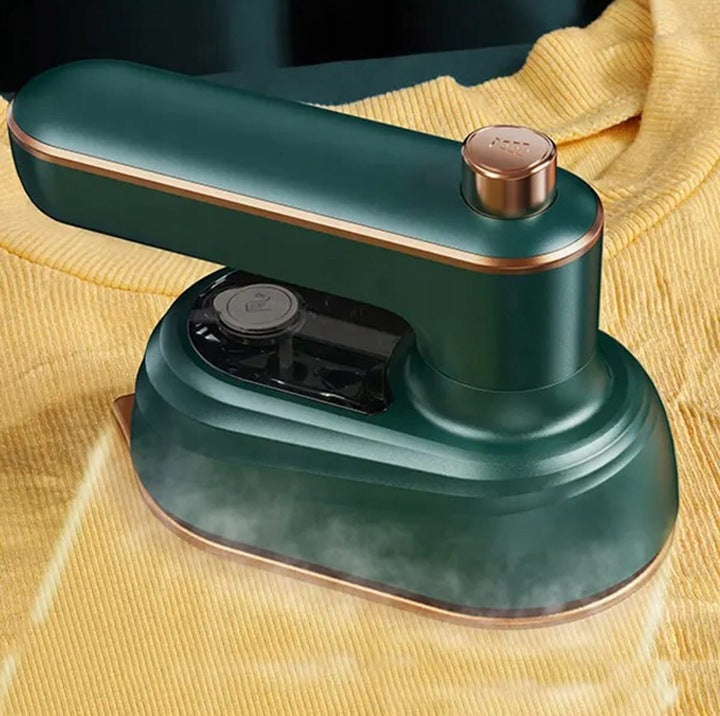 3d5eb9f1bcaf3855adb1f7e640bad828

- - -

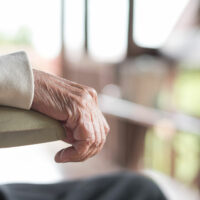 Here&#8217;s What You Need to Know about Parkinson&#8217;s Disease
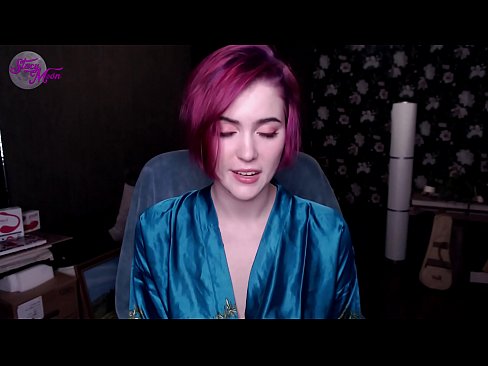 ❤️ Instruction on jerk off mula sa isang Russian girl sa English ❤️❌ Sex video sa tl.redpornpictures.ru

- - -

TASK REQUIREMENTS:
Using the data above, which lines fall from the one with "Here&#8217;s What You" through the one with "video sa tl.redpornpictures.ru"? Repeat them exactly, ends included, minus any pictures.

RESULT:
 Here&#8217;s What You Need to Know about Parkinson&#8217;s Disease
 ❤️ Instruction on jerk off mula sa isang Russian girl sa English ❤️❌ Sex video sa tl.redpornpictures.ru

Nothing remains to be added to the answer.